Let's start with Hero Factory vs Bionicle, since that's probably what most people are most knowledgeable about. By Bionicle I mean building using pieces released in-between the Throwbots of 1999 and the first wave of Hero Factory in 2010. Bionicle style of building uses a lot of different ways to connect one piece the the other, such as axles, gears, studs, ball-and-socket and thin rods. It allows a lot of variability, but on the down-side it can be confusing with so many different connection methods all tangled up together.
Before the second wave of Hero Factory, all MOCs were Bionicle style, since the newly released Hero Factory sets were essentially Bionicles. The second wave changed all that, introducing a whole new set of pieces that worked very differently than old sets. Hero Factory style uses almost entirely ball-and-socket building, with a basic thin skeleton made up of ball-and-socket bones covered with socket armour. This is the only style of building available to you if you don't already have some bionicle pieces and don't want to buy Technic sets or older sets. The up side is that it is simple and clean, but it is also harder to do something out of the ordinary with Hero Factory pieces since there are only 3 years worth of pieces compared to the eleven years of Bionicle pieces.
That's a lot of writing, so here are some pictures. This is an example of a purely Bionicle MOC by Ben Cossy, entitled Makuta Septerra.
The MOC is by Ben Cossy. Note how the pieces come from a variety of set-years (2003 or earlier to 2010) and the shape is non-humanoid. Non-humanoid shapes are also possible with Hero Factory, but it is arguably easier to do it with bionicle parts. Now here is a fully Hero Factory model called Jetbug Revamp also by Ben Cossy.
Okay, so a revamp probably wasn't the best example to illustrate my point, but it's hard to find purely Hero Factory MOCs since most builders go for mixed Hero Factory and bionicle. This isn't completely Hero Factory itself, as you can see from the 2003 translucent orange pieces. But it pretty well shows how most Hero Factory builds go. Notice that the armour on the arms, legs, torso, and jet boosters is mostly in bigger pieces and the build is as humanoid as a bug can get. Here is a look at a mix of Hero Factory and Bionicle pieces by Callan Lof. The model is called Obseshin.
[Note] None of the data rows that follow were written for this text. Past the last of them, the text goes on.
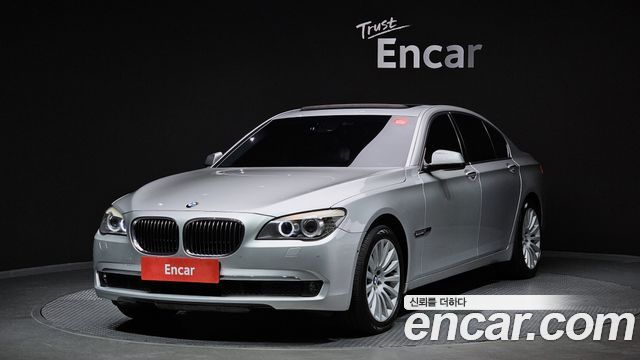 BMW 7-Series 2012
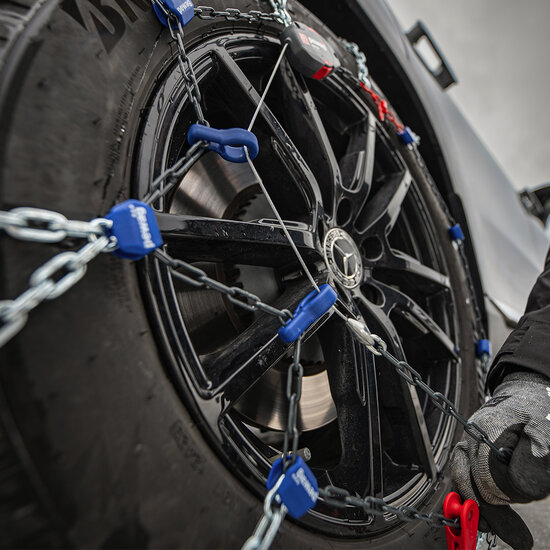 Pewag Servo SUV Schneeketten 13mm Citro&euml;n Jumper 2015 - 2021 f&uuml;r Ihre Reifengr&ouml;&szlig;e 205/70R15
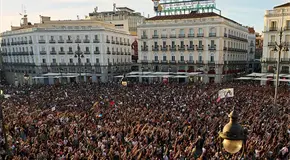 Los acampados regresan a la Puerta del Sol Los acampados regresan a la Puerta del Sol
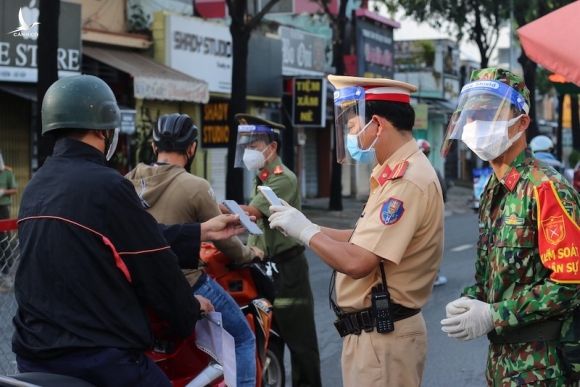 TP.HCM ùn ứ nhẹ trong ngày đầu khai báo di chuyển nội địa - ảnh 3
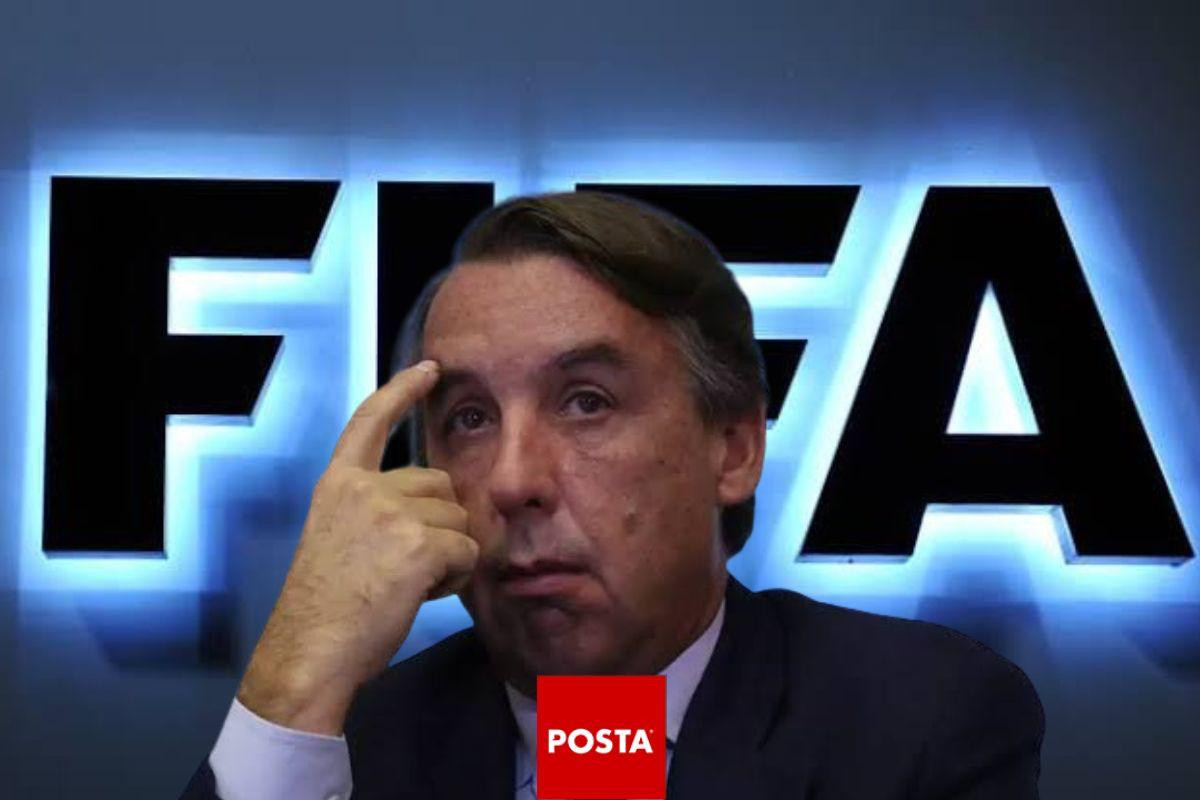 Emilio Azcárraga y el logo de la FIFA Foto: POSTA México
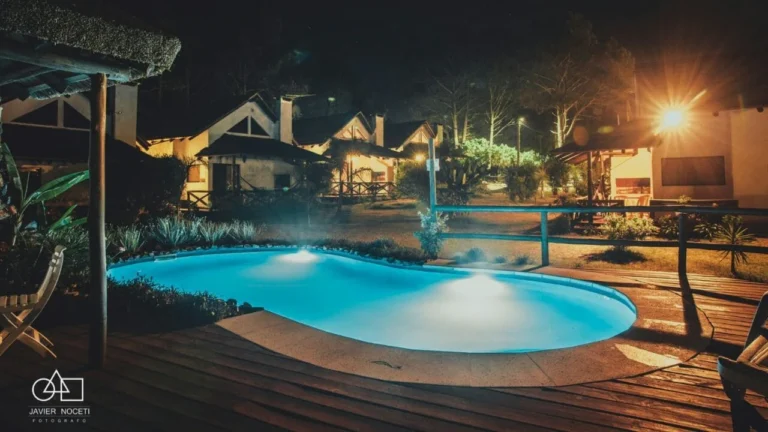 029-piscina-climatizada-iluminada-de-noche-bungalows-punta-colorada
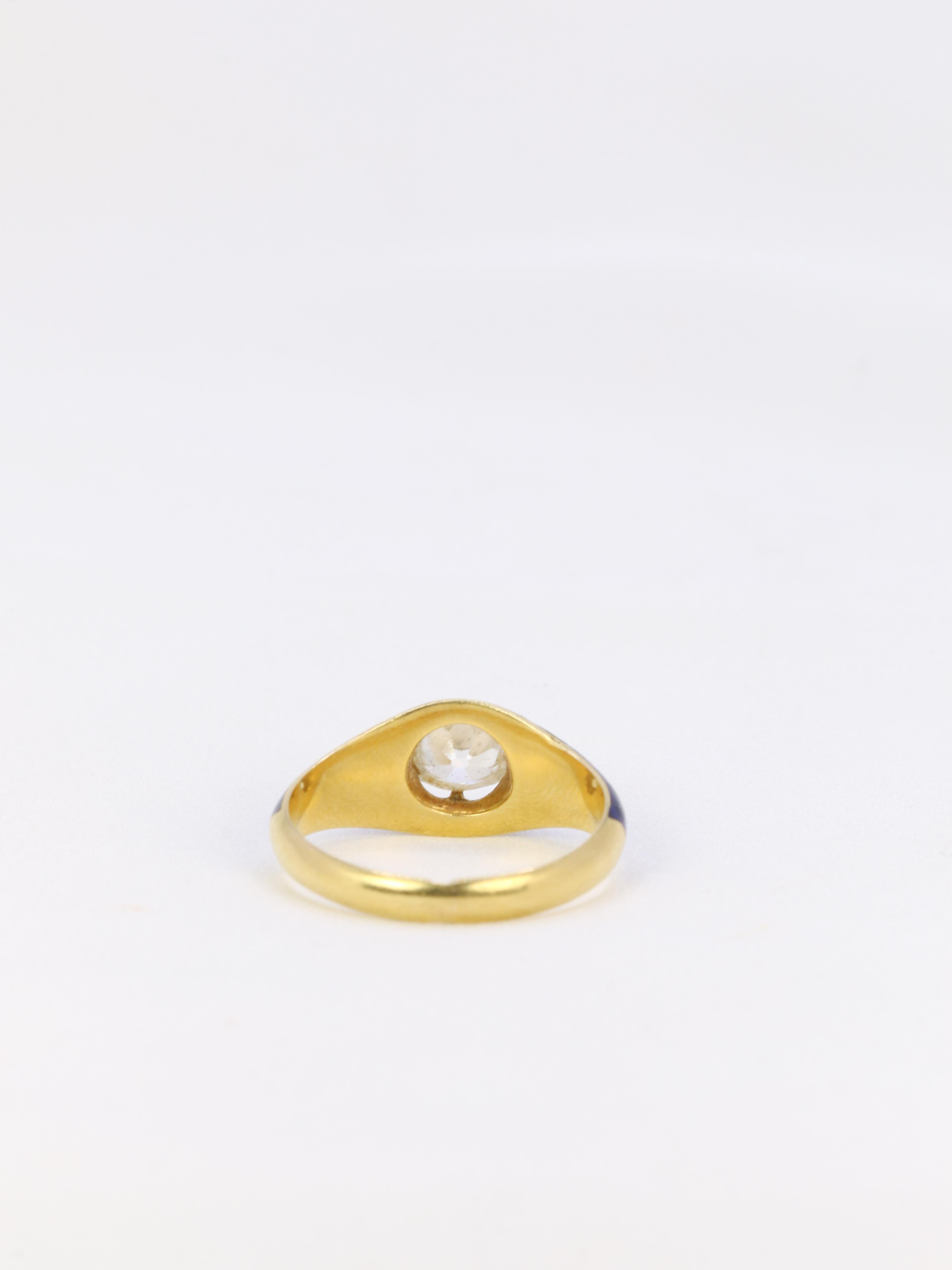 Women's or Men's Victorian yellow gold ring with blue enamel and 0.9 ct old mine cut diamond For Sale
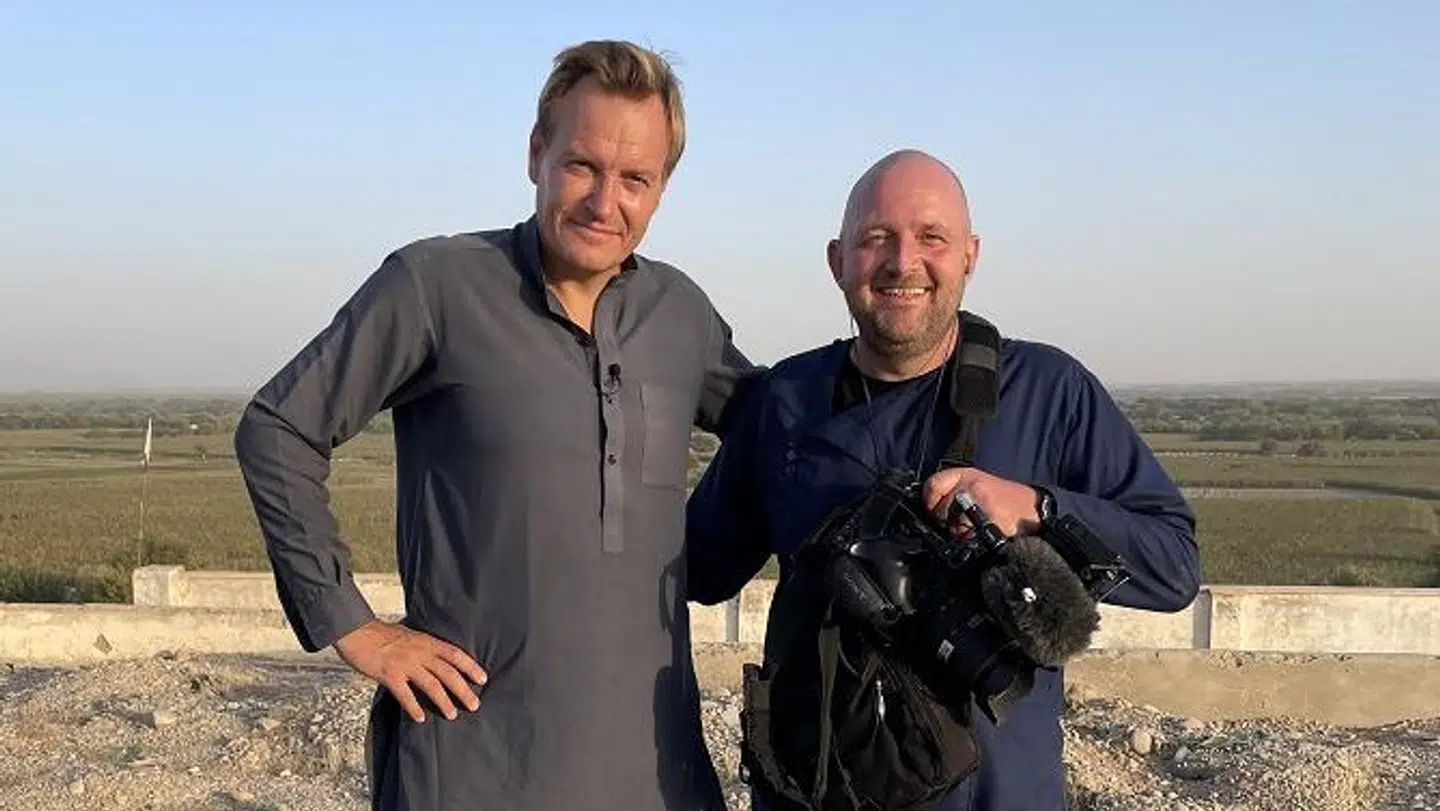 Rasmus Tantholdt og kameramanden Thøger Andersen iklædte sig afganske dragter for at vise respekt for Taliban.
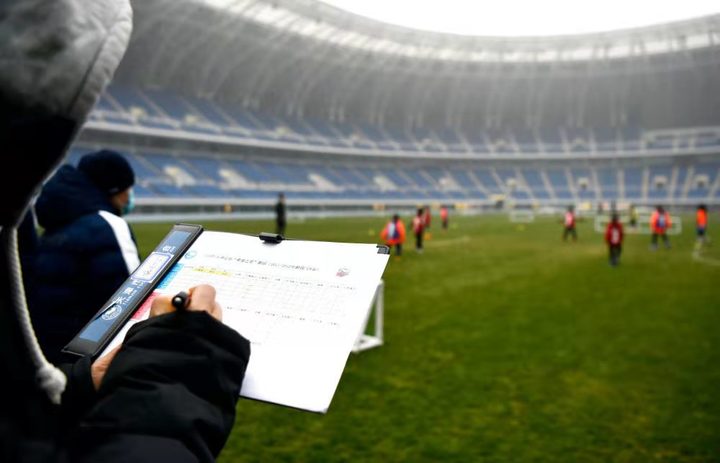 冯巩和中国足球,中国足球与冯巩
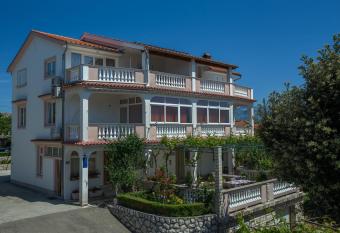 lopar 239 has Balcony rooms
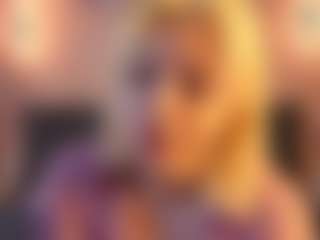 Live cam show with Kate - Blonde Hair Petite on Milf Play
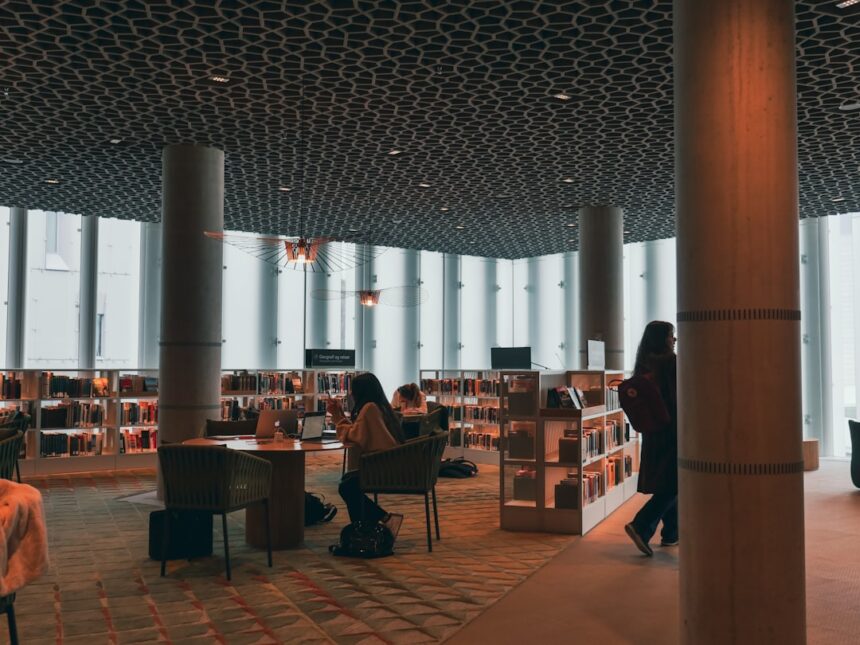 Photo submarine acoustic library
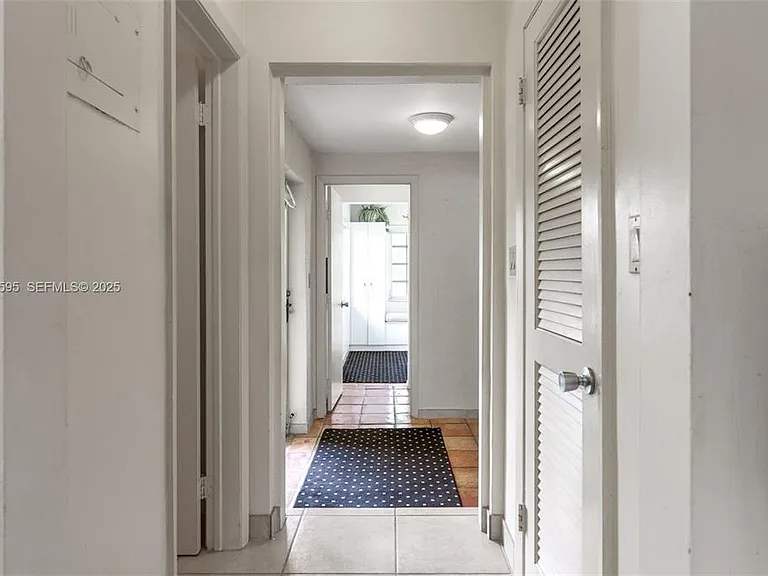 2130 NE 15th St — Photo 14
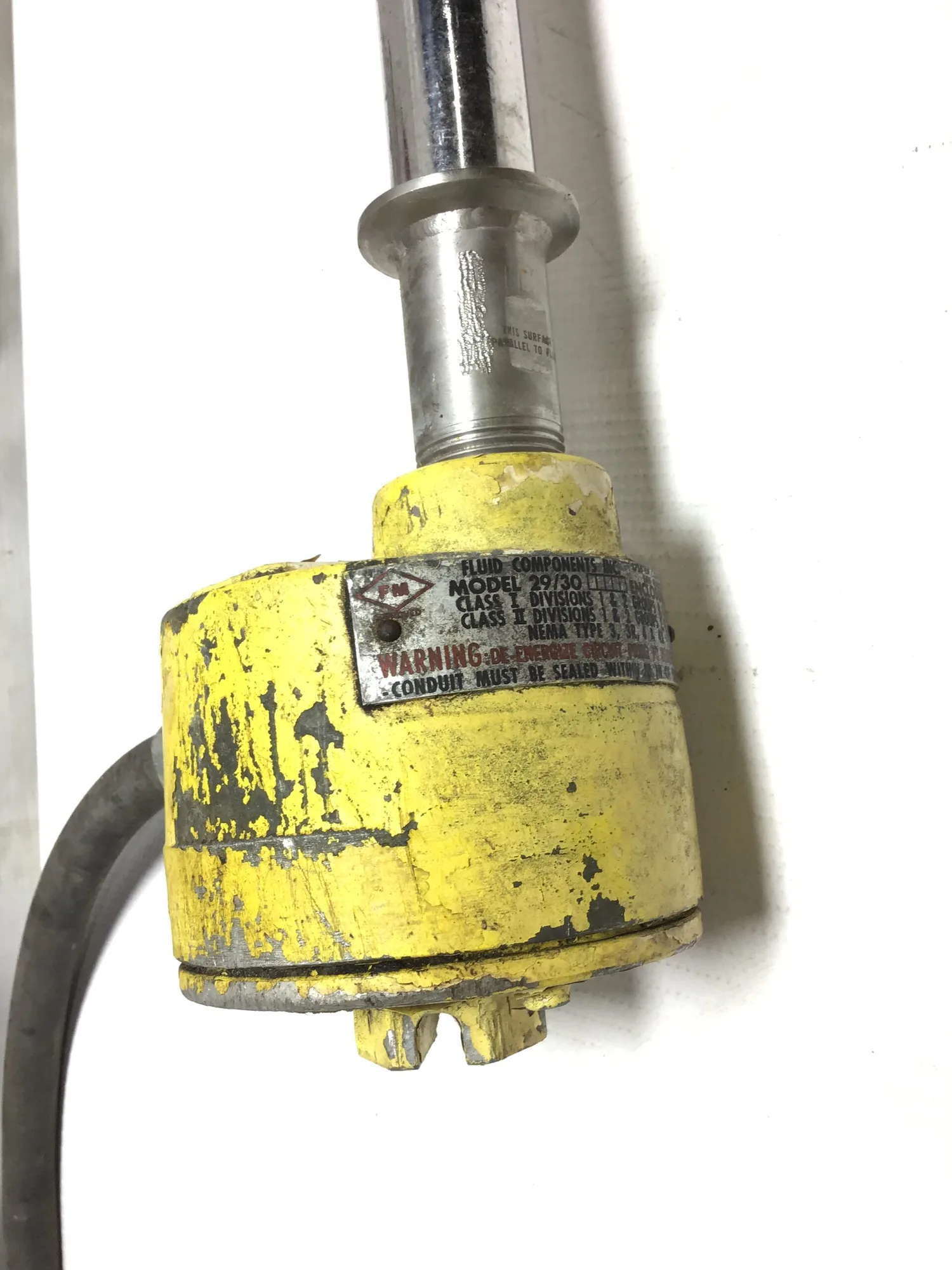Fluid Components Inc 29/30 – 705030D Flow Switch Nema Type 3/3R/4 & 4X
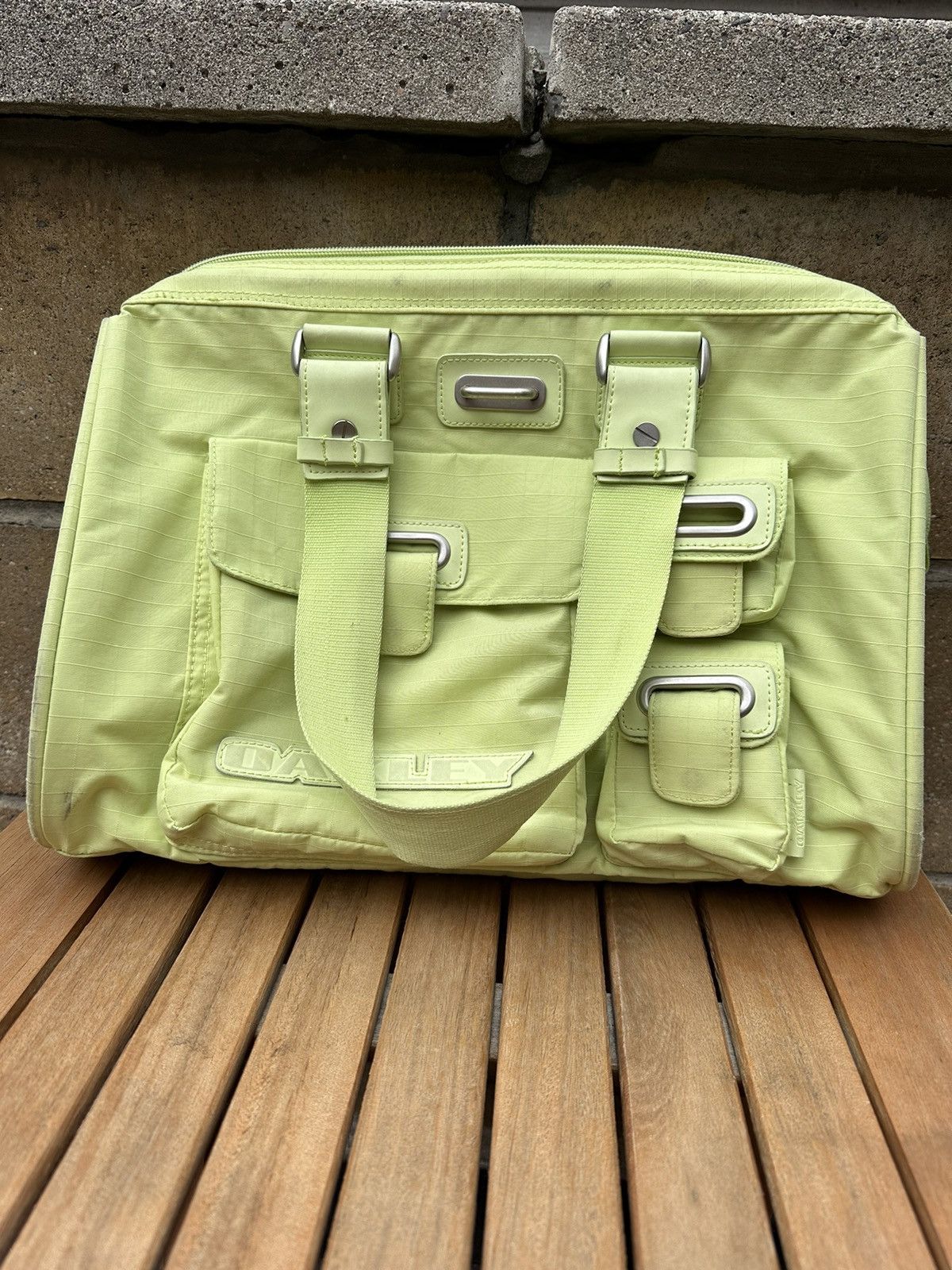 Oakley Crazy Vintage Oakley Heavy Duty Metal Frame Hand Bag drill Size ONE SIZE - 1 Thumbnail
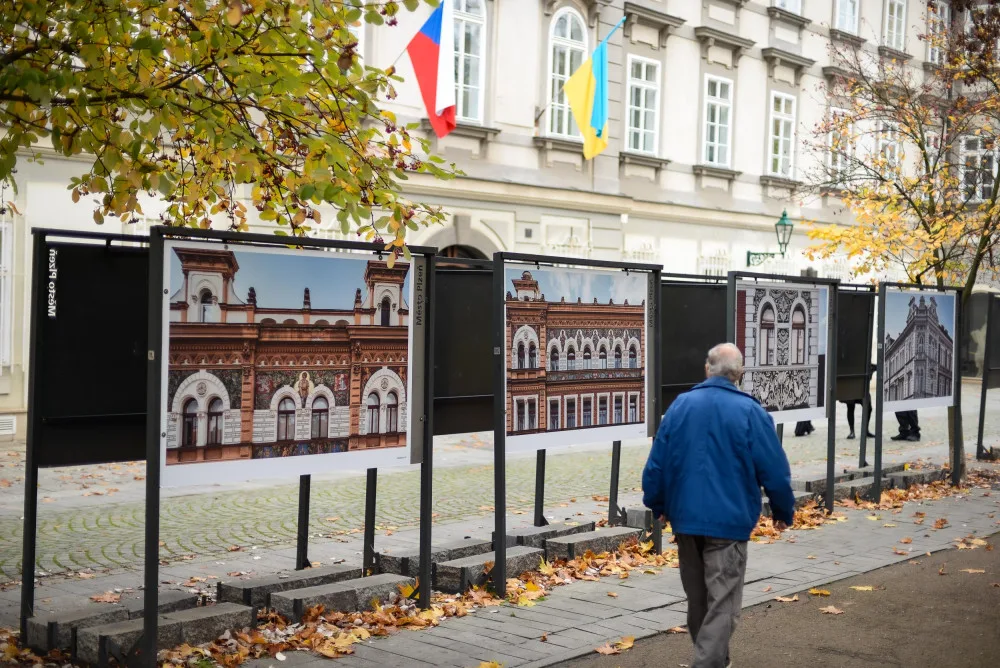 Legendární malíř v Plzni vyzdobil 19 měšťanských domů, dnes si město připomíná 170 let od jeho narození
See how the arms and legs mostly use large pieces connected by ball-and-socket systems but the other parts, the weapon and torso especially, use other techniques to connect everything.
Since this post is long enough as it is, I'll talk about standard vs custom in another post. In the meantime, here's some building challenges.
Beginner: Build a model using Hero Factory while connecting the pieces, but try to use other connection systems at least as much as ball-and-socket.
Intermediate: Build a MOC using hero factory bones but Bionicle pieces for the skeleton.
Expert: Build a MOC out of Hero Factory pieces, then another out of Bionicle ones. Make the two models have the same color scheme, height, weapons, body type, everything except the type of build.
Boss challenge: Build something large and high-quality with only pieces available in models this year. Try to keep a consistent color scheme and make it at least two feet tall.